La piccina è prevedibilmente scossa e non ha nessun voglia di tornare in custodia di una tal famiglia adottiva; la madre naturale lo è altrettanto.

L’affidamento, contro il volere dei genitori naturali, è stato deciso dal council di Tower Hamlets, uno dei luoghi dalla maggior percentuale di immigrati della capitale e dunque tra i più poveri in assoluto del Paese, al centro di un vespaio di polemiche per irregolarità gestionali e altre problematiche serie.

In situazioni del genere, i servizi sociali del borough sono debitamente tenuti a considerare «la persuasione religiosa, l’origine razziale e il background culturale e linguistico» del bambino: tutti elementi evidentemente trascurati da chi ha preso questa decisione, e per la quale non è stata data una spiegazione.

L’affidamento – non, si badi, l’adozione – di un minore comporta naturalmente la percezione di un sussidio, prospettiva che in una zona così povera gioca evidentemente un ruolo nella scelta di offrirsi come foster parents, spesso con buona pace della genuinità della vocazione genitoriale.

In Gran Bretagna c’è endemica carenza di famiglie di cosiddette «minoranze» etniche disposte a offrire affidamento, il che porta spesso, come anche riportato dal Times, al fatto che bimbi non bianchi siano affidati a genitori bianchi.
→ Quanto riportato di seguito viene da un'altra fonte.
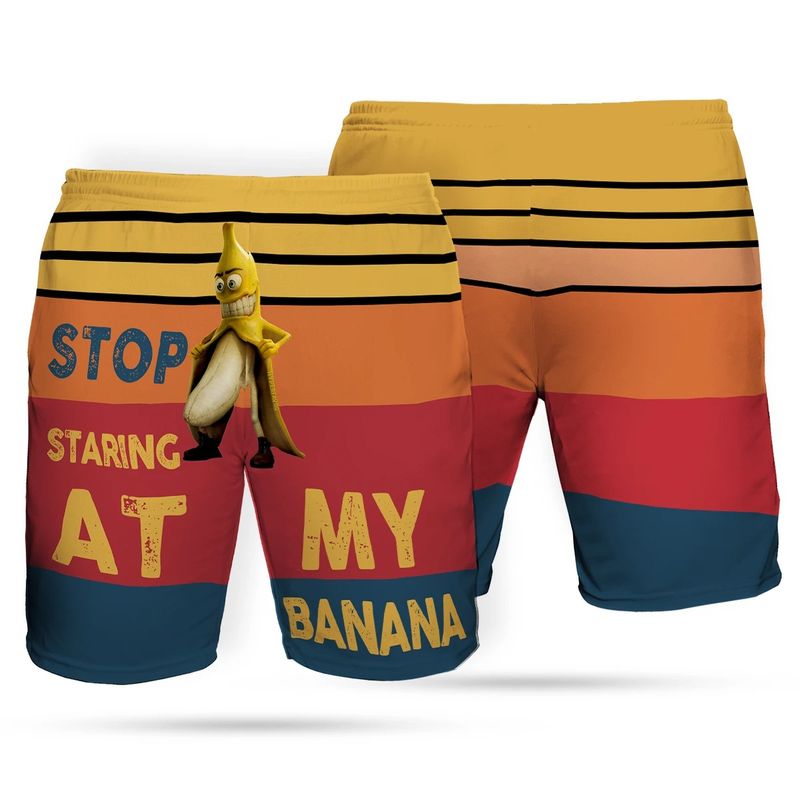 Banana stop staring at my banana Beach hawaiian short4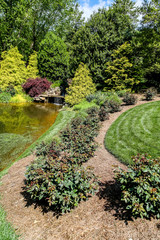 Fototapeta premium Landscaped Garden by Pond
Quasi mai avviene il contrario: le proporzioni di bambini e famiglie bianchi nelle due categorie sono schiaccianti, con rispettivamente il 77% per gli uni e l’84% per le altre.

È un fenomeno acuito dal mutamento della geografia etnica del Paese: secondo l’ultimo censimento del 2011, l’80% della popolazione era white British, un valore che a Londra scendeva al 45% e addirittura al 31% nella zona di Tower Hamlets, dove soltanto il 24% dei bambini dati in affidamento sono di origine europea e dove la povertà infantile – che in Gran Bretagna è la più alta d’Europa – è anche la più alta della capitale.

La notizia della «bimba cristiana» affidata ad una famiglia musulmana, riportata dal quotidiano di Murdoch e ripresa gioiosamente da tutta la stampa xenofoba, Daily Mail ed Express in testa, pare fatta apposta per stimolare la salivazione di chi – siano belve umane come Breitbart, Forza Nuova o Britain First – cerca ovunque le prove dello scontro di civiltà, propagandando isolati episodi di razzismo ai danni dei «cristiani» per meglio giustificare il proprio.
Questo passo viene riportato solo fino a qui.